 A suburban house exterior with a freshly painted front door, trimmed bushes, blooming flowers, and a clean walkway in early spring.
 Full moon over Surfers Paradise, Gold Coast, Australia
────────
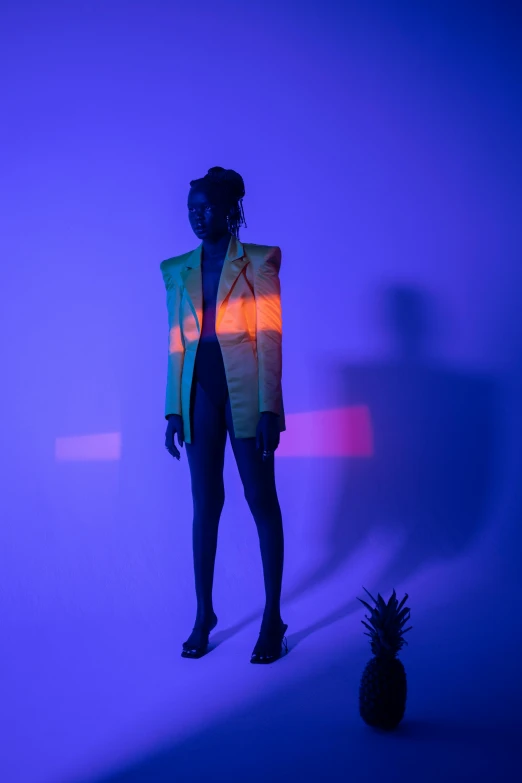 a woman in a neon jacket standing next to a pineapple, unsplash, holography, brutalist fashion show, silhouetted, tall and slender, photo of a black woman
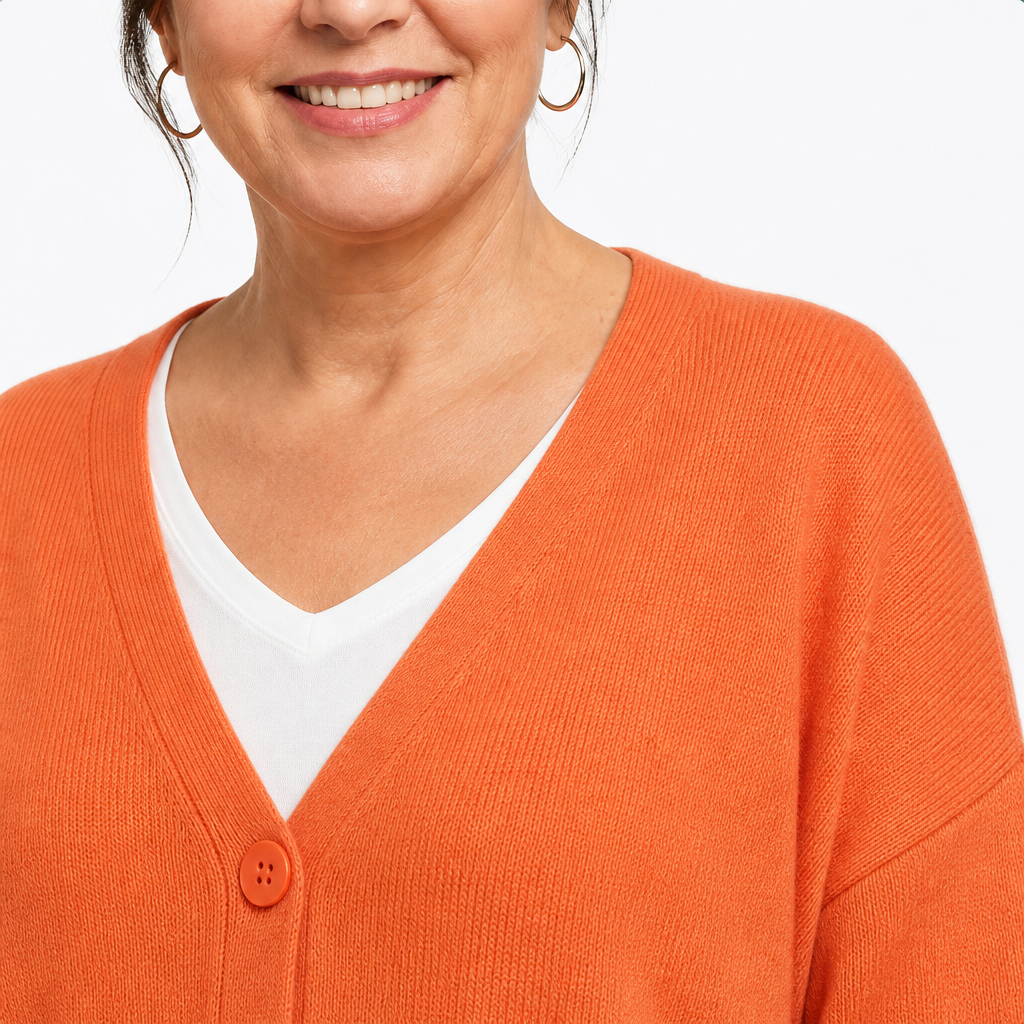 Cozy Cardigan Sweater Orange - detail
────────
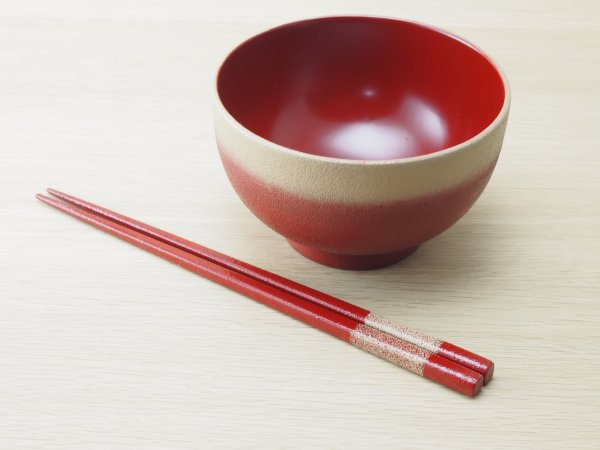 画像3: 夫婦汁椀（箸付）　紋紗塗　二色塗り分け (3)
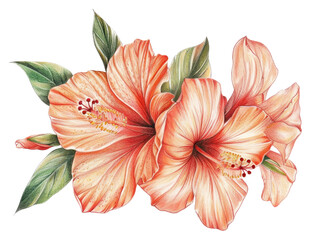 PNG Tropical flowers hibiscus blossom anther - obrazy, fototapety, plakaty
────────
_What you are asked to do_. Reproduce the lines above beginning at the line that contains "画像3: 夫婦汁椀（箸付）　紋紗塗　二色塗り分け (3)" and ending at the line that contains "PNG Tropical flowers". No pictures.

_Result of the exercise_.
 画像3: 夫婦汁椀（箸付）　紋紗塗　二色塗り分け (3)
 PNG Tropical flowers hibiscus blossom anther - obrazy, fototapety, plakaty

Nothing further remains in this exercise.